--- START ---

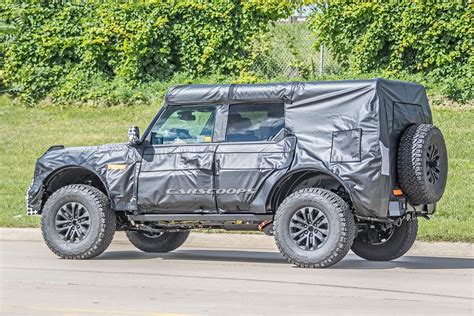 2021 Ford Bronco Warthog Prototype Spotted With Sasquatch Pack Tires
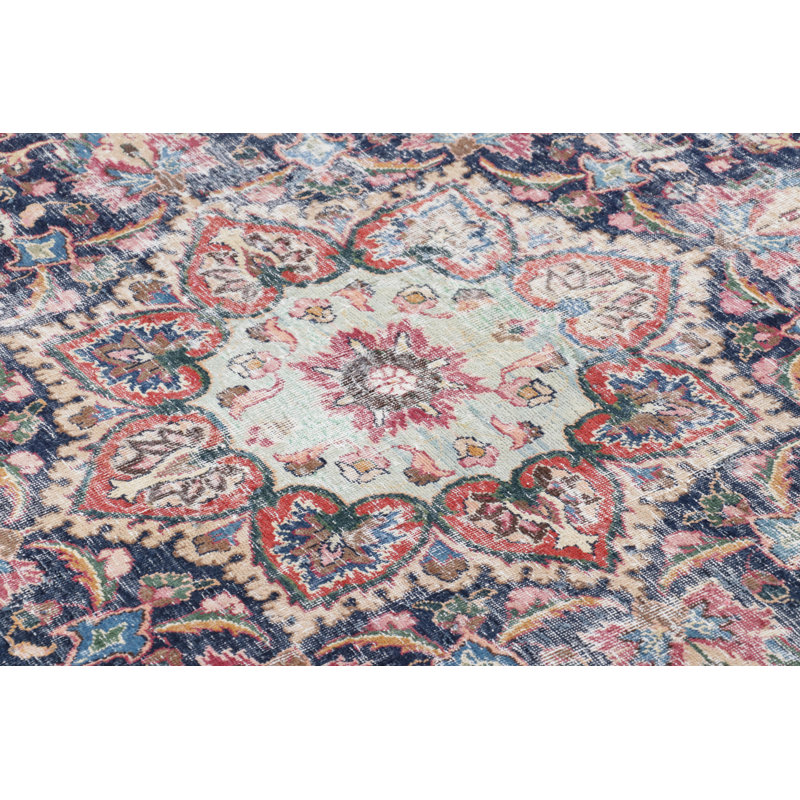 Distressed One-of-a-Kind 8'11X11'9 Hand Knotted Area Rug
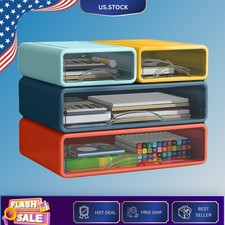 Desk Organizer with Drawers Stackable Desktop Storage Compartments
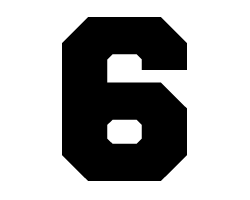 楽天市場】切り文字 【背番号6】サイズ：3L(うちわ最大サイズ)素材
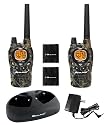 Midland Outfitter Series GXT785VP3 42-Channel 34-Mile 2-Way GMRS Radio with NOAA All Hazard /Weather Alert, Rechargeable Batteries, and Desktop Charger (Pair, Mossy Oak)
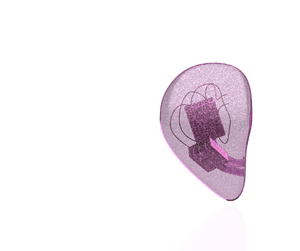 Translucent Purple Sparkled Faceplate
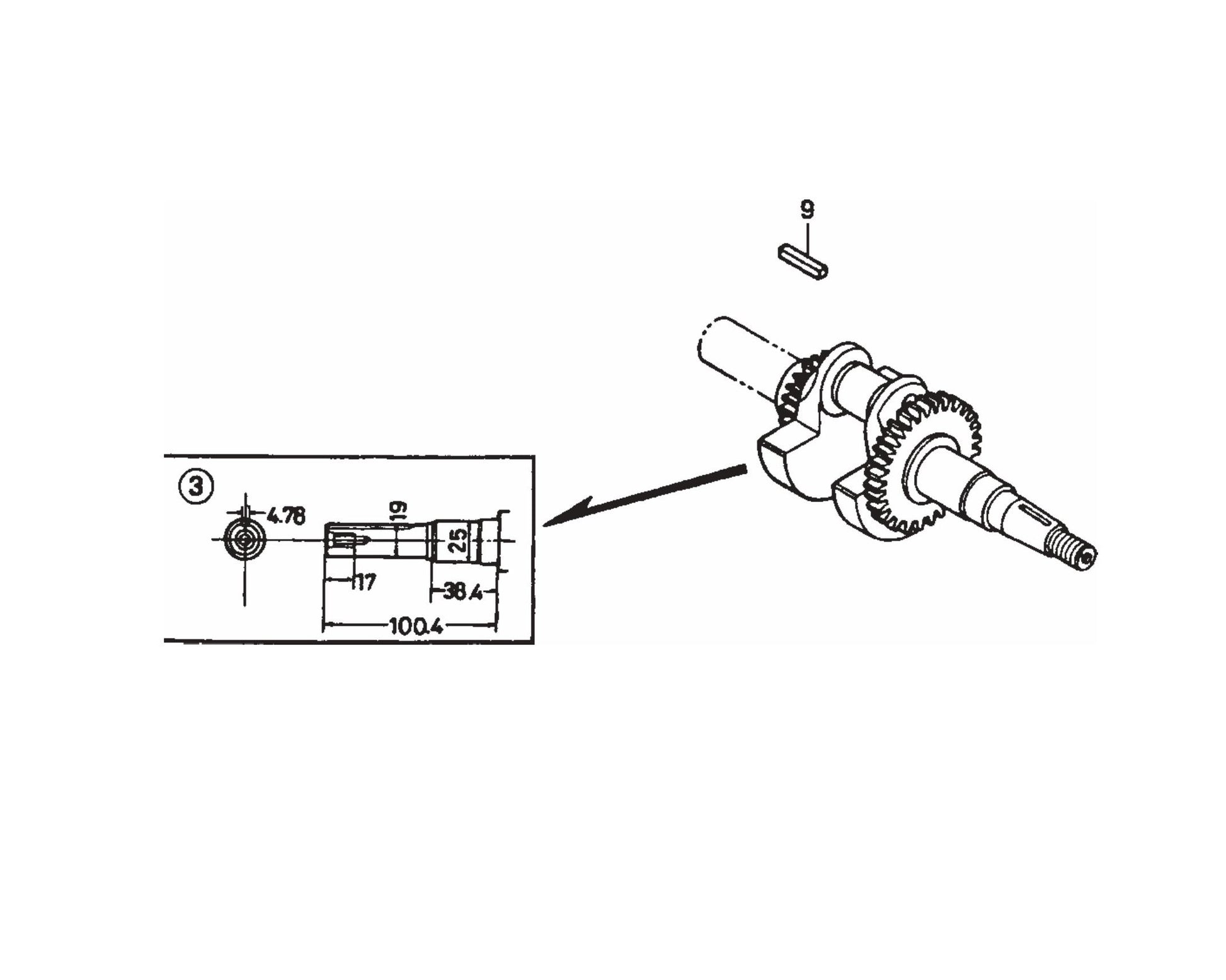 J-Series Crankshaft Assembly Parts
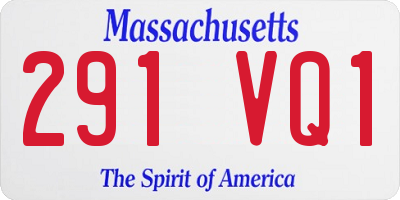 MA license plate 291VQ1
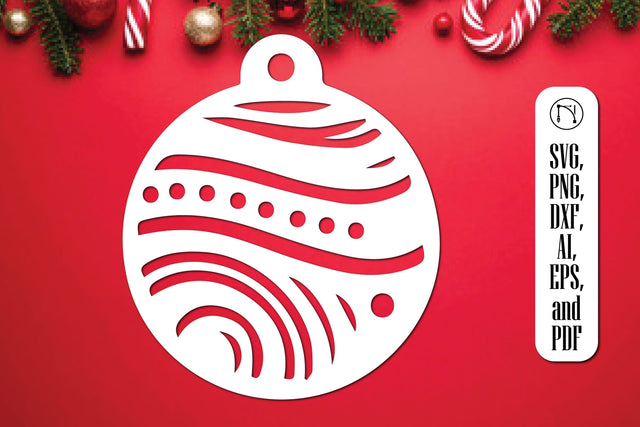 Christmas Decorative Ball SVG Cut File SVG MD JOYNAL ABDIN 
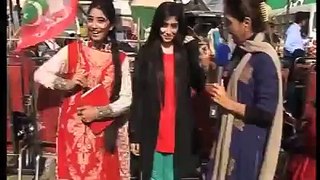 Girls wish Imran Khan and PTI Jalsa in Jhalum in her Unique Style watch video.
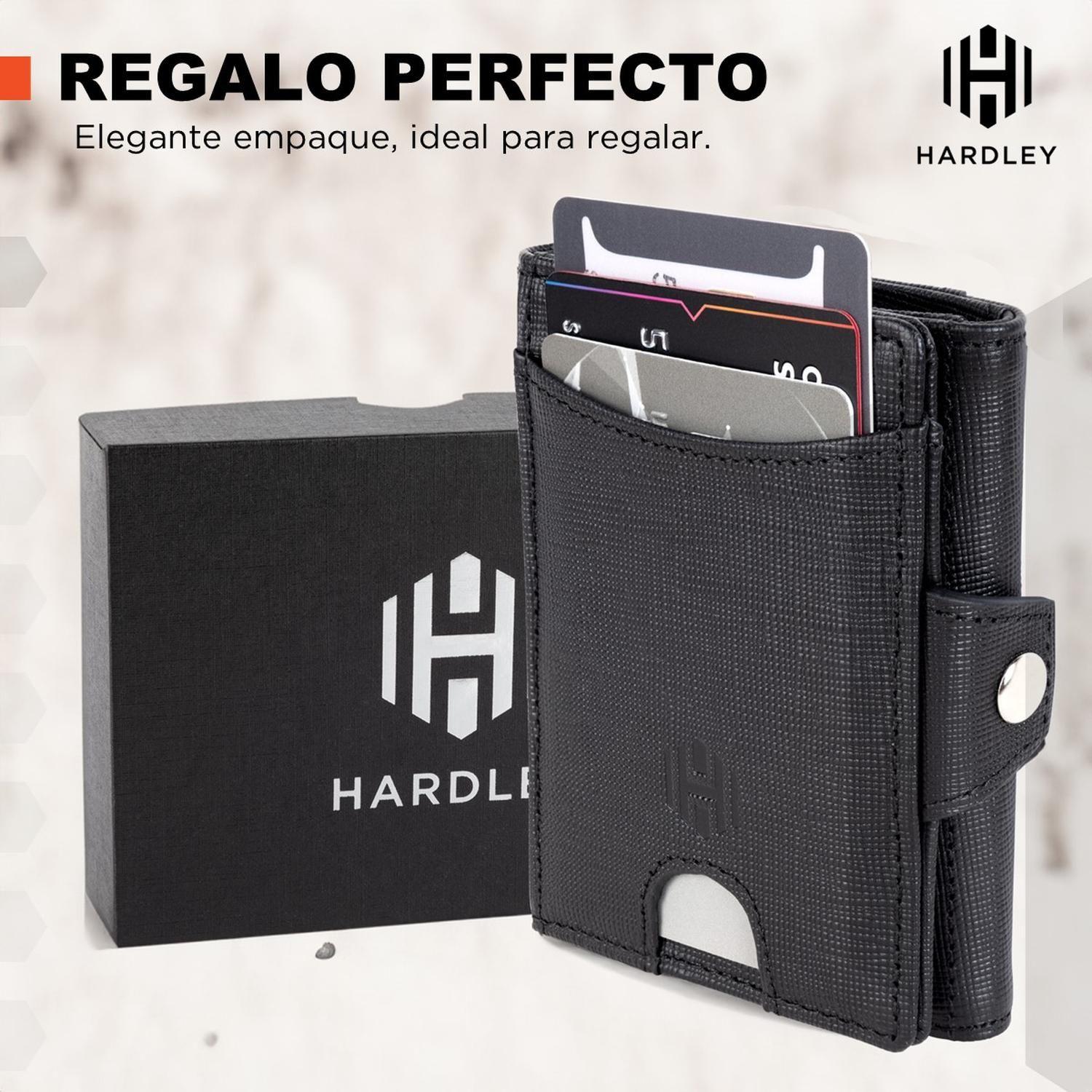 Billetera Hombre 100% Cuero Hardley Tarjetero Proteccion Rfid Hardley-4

--- END ---
--- START ---

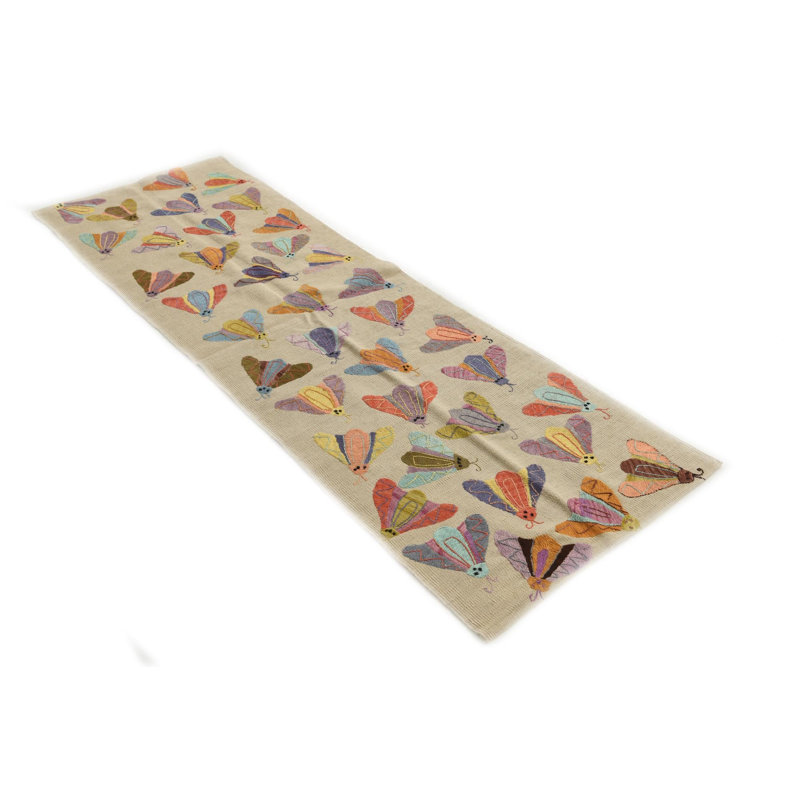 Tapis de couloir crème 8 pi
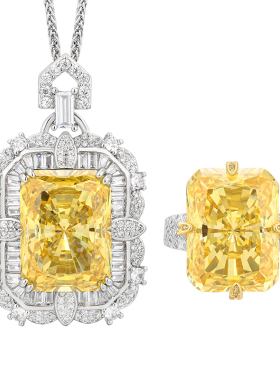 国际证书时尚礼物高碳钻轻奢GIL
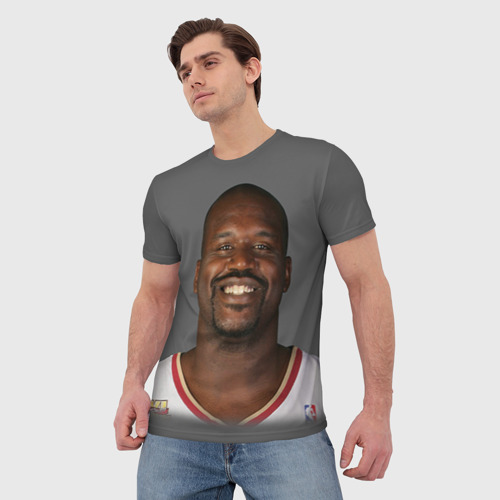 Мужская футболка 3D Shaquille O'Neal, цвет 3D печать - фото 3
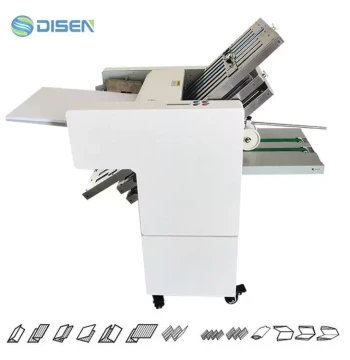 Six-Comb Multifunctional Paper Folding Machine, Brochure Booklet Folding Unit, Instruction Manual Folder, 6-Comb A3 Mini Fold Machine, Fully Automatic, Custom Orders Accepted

--- END ---

AIM OF THE TASK |
Copy the entries above exactly, but only the stretch from the line containing "2021 Ford Bronco" through the line containing "Billetera Hombre 100%". Keep both end lines; drop the pictures.

RESULT |
 2021 Ford Bronco Warthog Prototype Spotted With Sasquatch Pack Tires
 Distressed One-of-a-Kind 8'11X11'9 Hand Knotted Area Rug
 Desk Organizer with Drawers Stackable Desktop Storage Compartments
 楽天市場】切り文字 【背番号6】サイズ：3L(うちわ最大サイズ)素材
 Midland Outfitter Series GXT785VP3 42-Channel 34-Mile 2-Way GMRS Radio with NOAA All Hazard /Weather Alert, Rechargeable Batteries, and Desktop Charger (Pair, Mossy Oak)
 Translucent Purple Sparkled Faceplate
 J-Series Crankshaft Assembly Parts
 MA license plate 291VQ1
 Christmas Decorative Ball SVG Cut File SVG MD JOYNAL ABDIN 
 Girls wish Imran Khan and PTI Jalsa in Jhalum in her Unique Style watch video.
 Billetera Hombre 100% Cuero Hardley Tarjetero Proteccion Rfid Hardley-4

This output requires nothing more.